Creating performance metrics that are genuinely comparable

Published on August 19, 2019

As scrutiny into self-reported investment performance increases it is worth exploring the associated benefit of third party verified performance – namely comparability. In fact, whilst having a third party verify performance brings huge reassurance, it is the comparability that creates the real value. This is because the investment process, from due diligence to risk management, is in essence an exercise in comparison. At the due diligence phase, for example, investors need to understand, on an apples to apples basis, what is the risk adjusted return of one origination stream versus another. And so it continues throughout the investment process with comparisons being made to derive valuations and to monitor and manage both risk and performance. 

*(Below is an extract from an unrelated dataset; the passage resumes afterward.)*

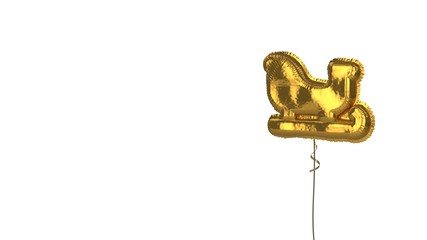 gold balloon symbol of sleigh on white background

But as so often in finance the devil is in the detail. Effective comparison can only be made if performance measures are like for like comparable. And achieving genuine comparability is the hard part. 

 

Independent interpretation of default and loss given default

 
At Brismo we have built a process that ensures that the metrics we provide are like for like comparable. To do this we add what we call ’the extra step’. The extra step involves us independently interpreting when a loan needs to be impaired, and independently assessing the appropriate level of impairment. By working with bank statement level cash flow data we independently verify the status of the loan. This means that we do not rely on the originators own assessment of ‘default’ timing, or of the appropriate impairment amount. We will default a non-performing loan according to our own interpretation and we will write-down defaulted loans according to our own expectation of recovery. This may result in metrics that differ subtly from an originators own assessment. In fact, Brismo’s metrics will tend to be more conservative given that all subjectivity has been removed. But this is the price of true comparability, a price that is worth paying to achieve outputs that inspire confidence and bring real efficiency to the investment process. 
 
The ‘extra step’
 
Without this ‘extra step’ it is still possible to draw lines on a chart. But like for like comparability of those lines will be impossible, indeed any attempt at comparison could be misleading. Beyond the problems of comparison, investors will also soon realise that the metrics they are relying upon have not been verified, and are simply an aggregation of the originators own view with the application of some consistent definitions. The reality is that there are gradations of standardisation and without this ‘extra step’, we could not apply the description ’standardised and verified’ which gives investors confidence that they are basing their decisions on reliable metrics.